Market watchers were surprised by the timing of Friday's fixed-rate purchasing operation, in which the BOJ names a yield and offers to buy an unlimited amount of Japanese government debt at that level. Since its introduction in 2016, this has been regarded as the bank's ultimate weapon for keeping the 10-year yield at its target of around zero.
But this time, the BOJ brandished it when the benchmark long-term interest rate was at 0.095% -- lower than the 0.105% that prompted the same move last July. Friday's move came "surprisingly early," said Makoto Suzuki at Okasan Securities in Tokyo.
Before Friday, markets appeared to be testing how far the BOJ would allow interest rates to rise before acting. Now, the central bank appears to have drawn a line.
At the same time, the BOJ increased Friday's scheduled purchases of bonds with five to 10 years of residual maturity by 40 billion yen ($363 million) over the previous round last Monday. The 10-year yield was driven back to 0.085%, and the bond market "saw once again that it's useless to fight the BOJ," said Kazuhiko Sano at Tokai Tokyo Securities.

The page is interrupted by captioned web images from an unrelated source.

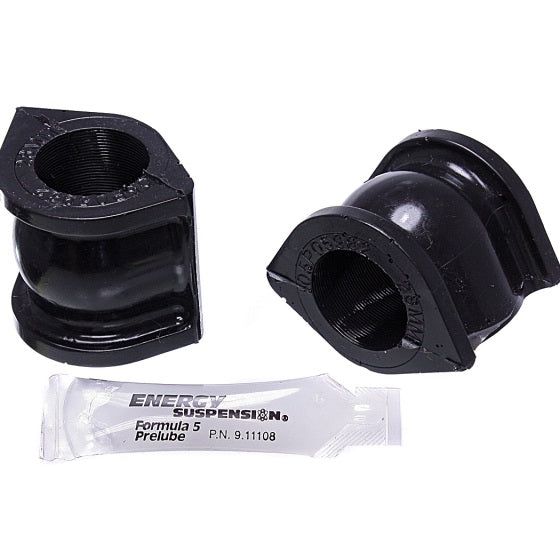 Energy Suspension 06-11 Honda Civic SI 28mm Front Sway Bar Bushing Set - Black-tuningsupply.com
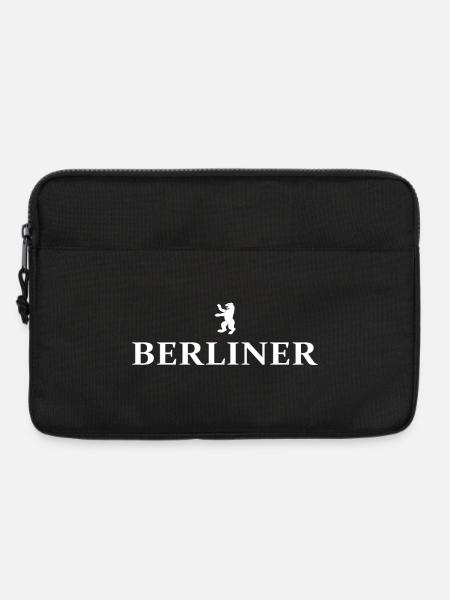 Berliner - Laptoptasche 13" - Schwarz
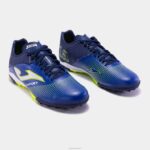 Joma 82P4R603 الأزرق الملكي الأخضر الفلوريسنت حذاء كرة القدم xpander 23 turf - Image 2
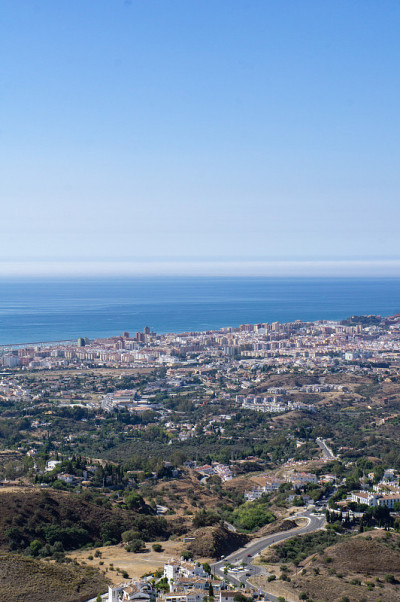 早上的Mijas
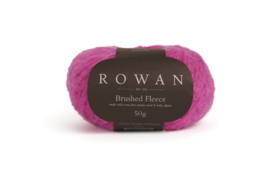 Rowan Brushed Fleece - 284 Coralline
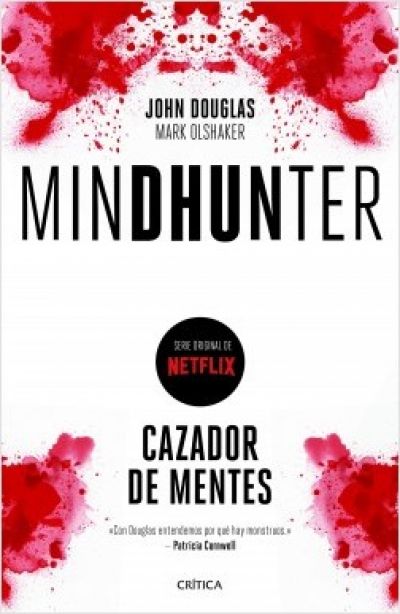 Portada de MINDHUNTER. Cazador de mentes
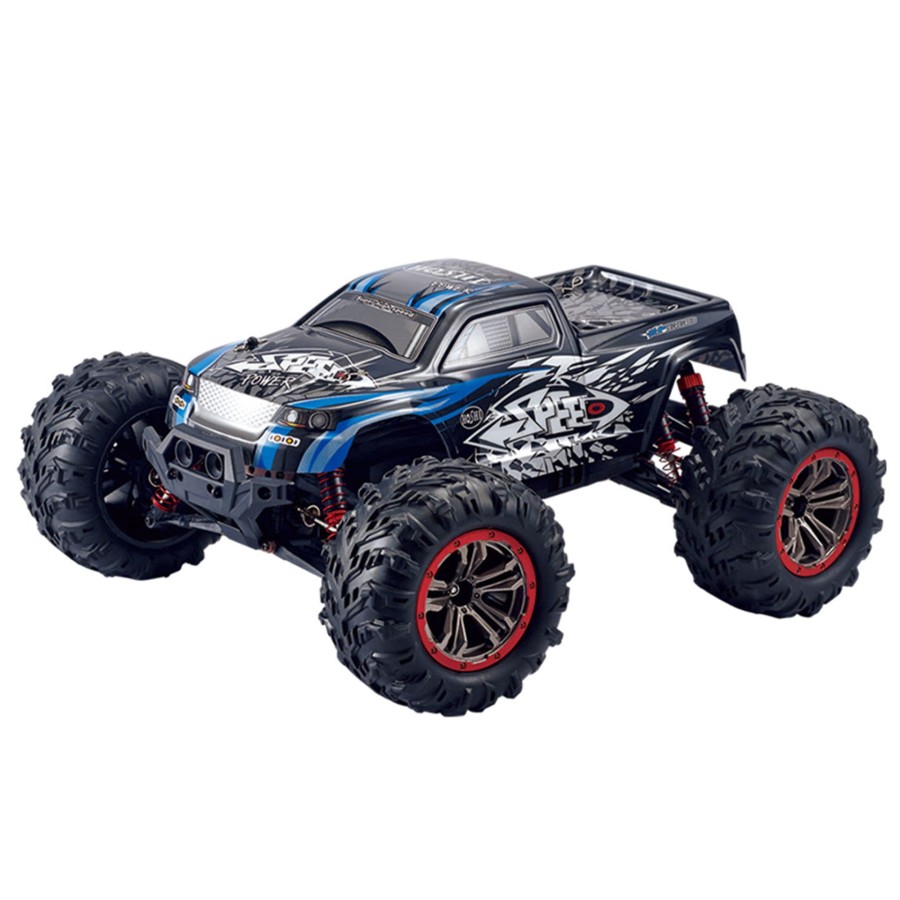 Rc Engine & Model Engine DIY | Rc Truck 1/10 Scale 46Km/H Speed Off-Road Vehicle 4Wd Racing Car Toy 2.4Ghz Rc Monster Truck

But the foreign exchange market proved harder to nudge. While the BOJ does not target exchange rates directly, a weaker yen is in line with a goal of stoking inflation.
The Japanese currency stood in the low 109 yen range against the dollar before the BOJ announced the fixed-rate operation, and it slipped about 0.2 yen immediately after. But the yen later pared its losses and even moved higher.
Mizuho Bank's Dai Sato reckons that short sellers had placed negative bets on the yen in anticipation of a fixed-rate operation. When the yen sold off less than expected, they unwound those positions, which drove up the currency, Sato said.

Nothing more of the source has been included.